Er komen boodschappers bij Hizkia
12 De koning van Babylonië heette Berodach-Baladan. Hij had gehoord dat Hizkia ziek was. Daarom stuurde hij boodschappers naar hem toe met brieven en een geschenk.
13 Hizkia luisterde naar de woorden van de boodschappers. Daarna liet hij hun zien wat er allemaal in zijn schatkamers lag: zilver, goud, parfums en geurige olie. Hij liet ook zijn voorraad wapens zien, en alles wat hij verder in zijn paleis bewaarde.

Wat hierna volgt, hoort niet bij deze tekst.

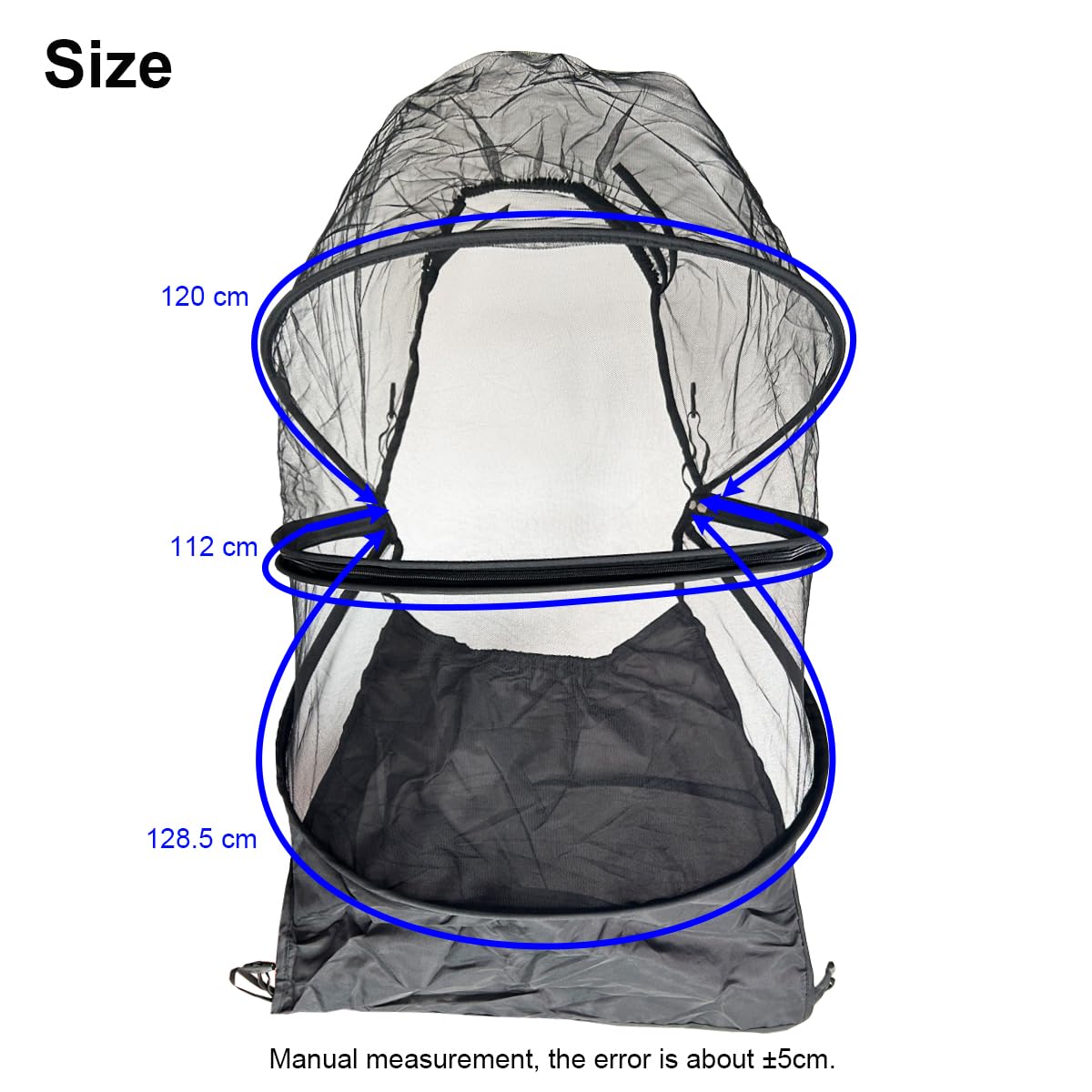 Moustiquaire pour Poussette Babyzen Yoyo 2/Yoya, Protection Anti-Insectes avec Poche pour Pieds, Noir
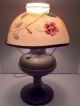 Antique Miller New Vestal Converted Oil Lamp W Orange Floral Glass Shade - Works Lamps photo 1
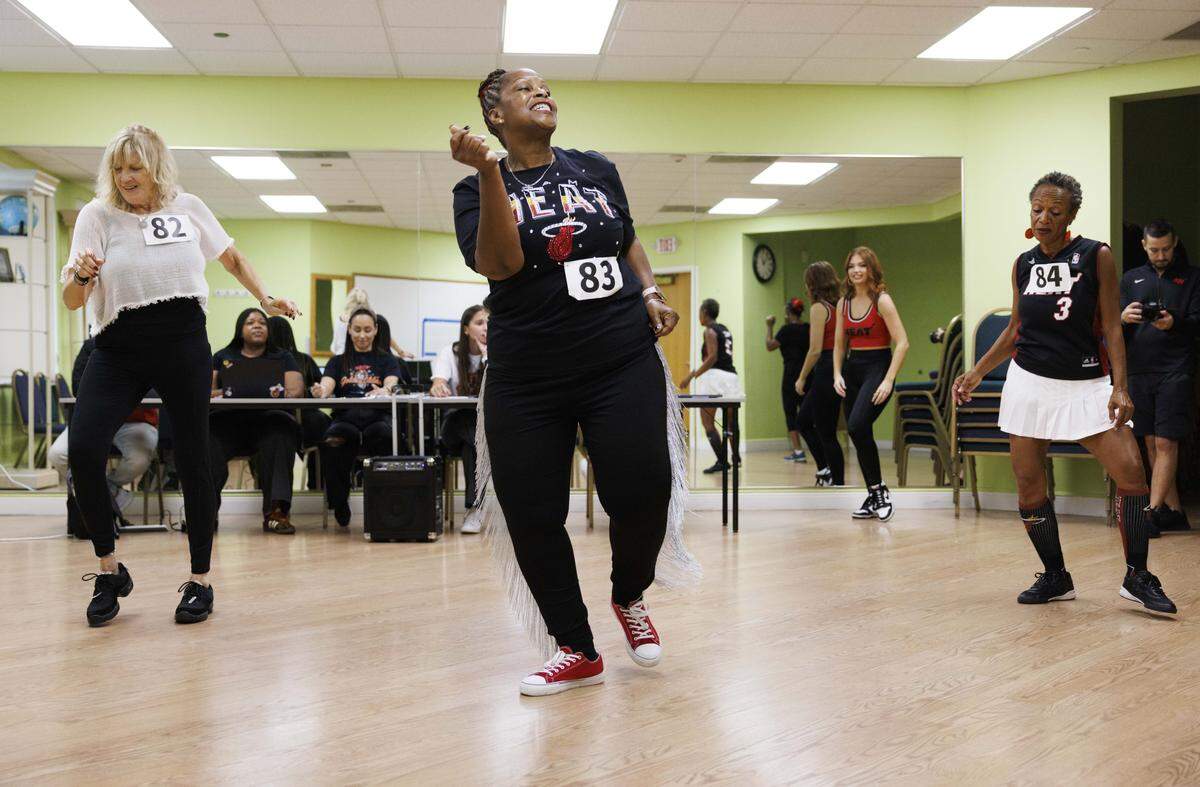 Participants dances during the Heat Golden Oldies auditions for the Miami HEAT senior dance team on Thursday, Sept. 25, 2025, at Southwest Focal Point Community Center in Pembroke Pines, Fla.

Hij liet de boodschappers overal kijken, niet alleen in zijn paleis, maar in het hele land.
Jesaja gaat naar Hizkia
14 Korte tijd later ging Jesaja naar koning Hizkia en vroeg: ‘Wat hebben die mannen tegen u gezegd? Waar komen ze vandaan?’ Hizkia zei: ‘Ze komen uit een ver land, helemaal uit Babylonië.’ 15 En Jesaja vroeg: ‘Wat hebben ze in uw paleis allemaal bekeken?’ ‘Ze hebben alles gezien wat er in het paleis is,’ zei Hizkia. ‘Ik heb alles laten zien.’

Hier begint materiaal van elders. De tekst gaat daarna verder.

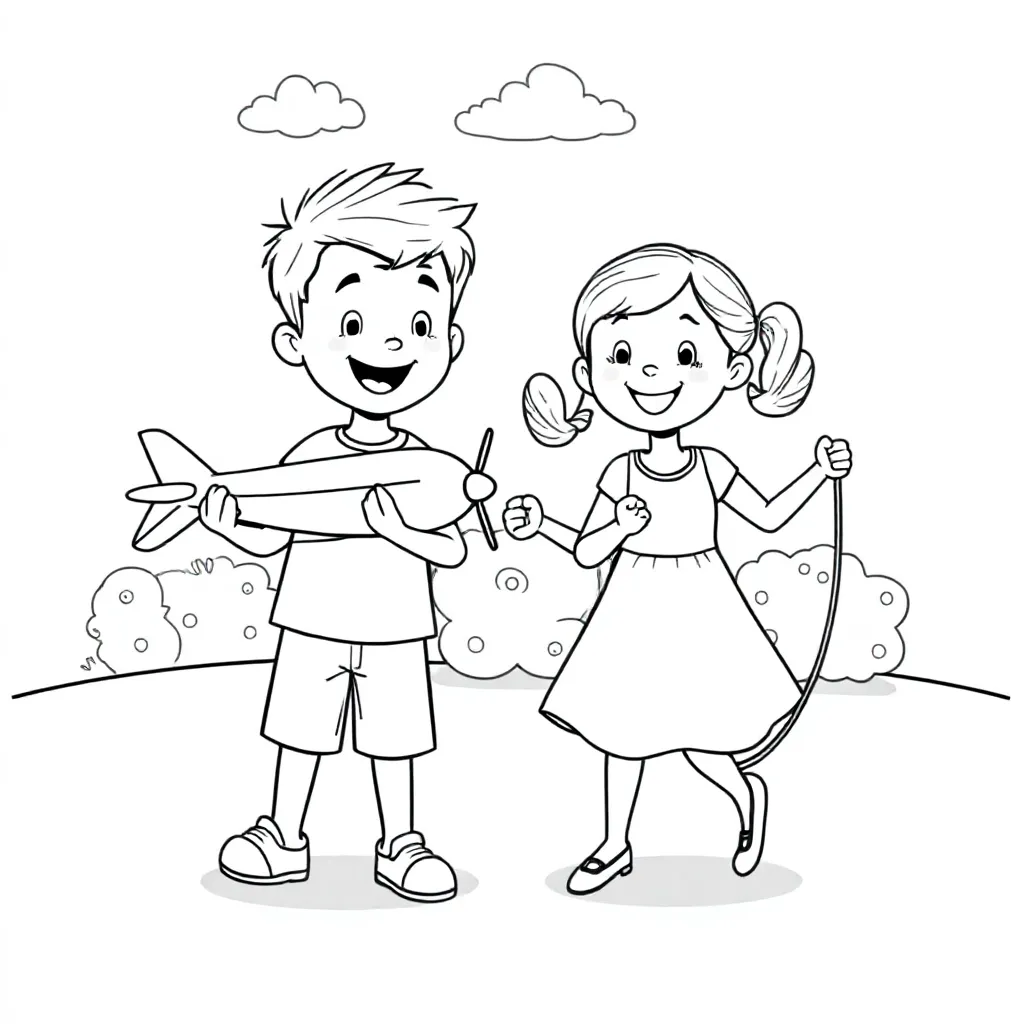 spelende kinderen kleurplaat voor kinderen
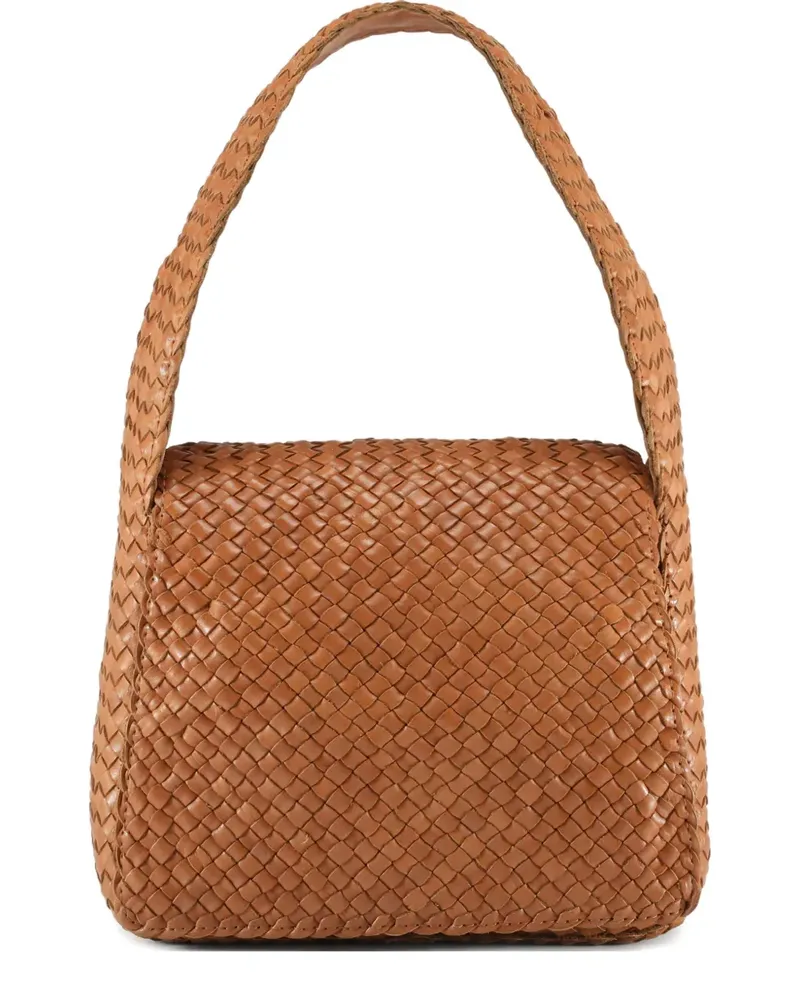 Officine Creative Italia Class woven leather shoulder bag - Braun Braun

16-17 Toen zei Jesaja tegen Hizkia: ‘Luister. Er komt een tijd dat alles uit uw paleis weggehaald zal worden. Alles wat uw voorouders verzameld hebben, wordt dan naar Babylonië gebracht. Er blijft helemaal niets over. Dat heeft de Heer zelf gezegd. 18 En de Babyloniërs zullen ook een aantal van uw zonen meenemen. Die moeten dan werken in het paleis van de koning van Babylonië.’

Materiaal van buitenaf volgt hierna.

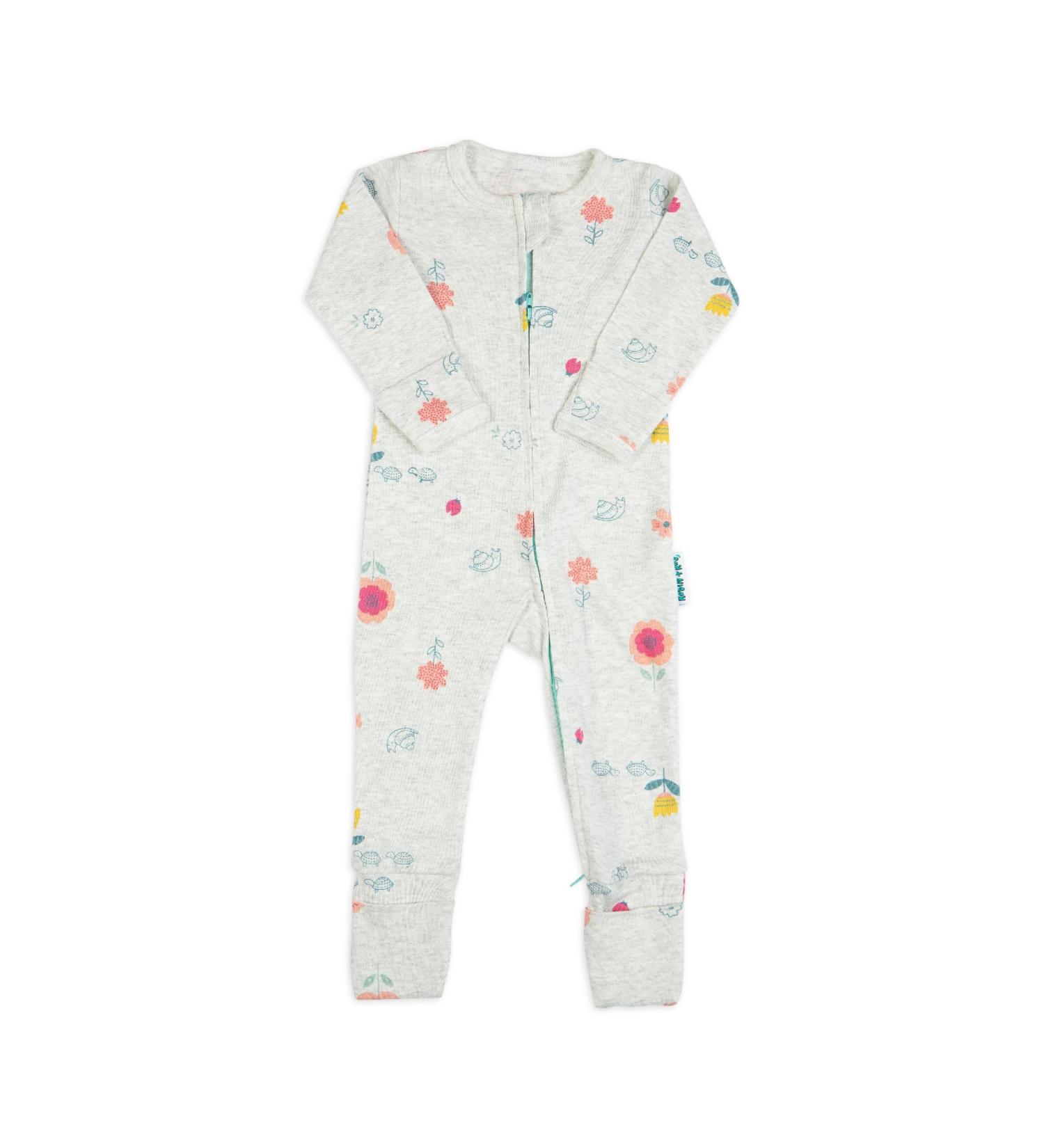 100% Cotton Two-Way Zipper Baby Sleepsuit Unisex Onesie Romper | Double Zip Footless with Fold Over Cuffs | 6-12 Months Flower Design - Buy Online on GoSupps.com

19 Hizkia dacht: Zolang ik leef, zal er hier nog rust en vrede zijn. Daarom zei hij tegen Jesaja: ‘Het is goed wat de Heer gezegd heeft.’
De dood van Hizkia
20 Alle andere verhalen over Hizkia en over zijn overwinningen staan opgeschreven in de boeken over de koningen van Juda. Ook het verhaal over de vijver en de watertunnel die hij liet maken. Daarmee zorgde Hizkia ervoor dat de stad altijd water had.
21 Hizkia werd na zijn dood opgevolgd door zijn zoon Manasse.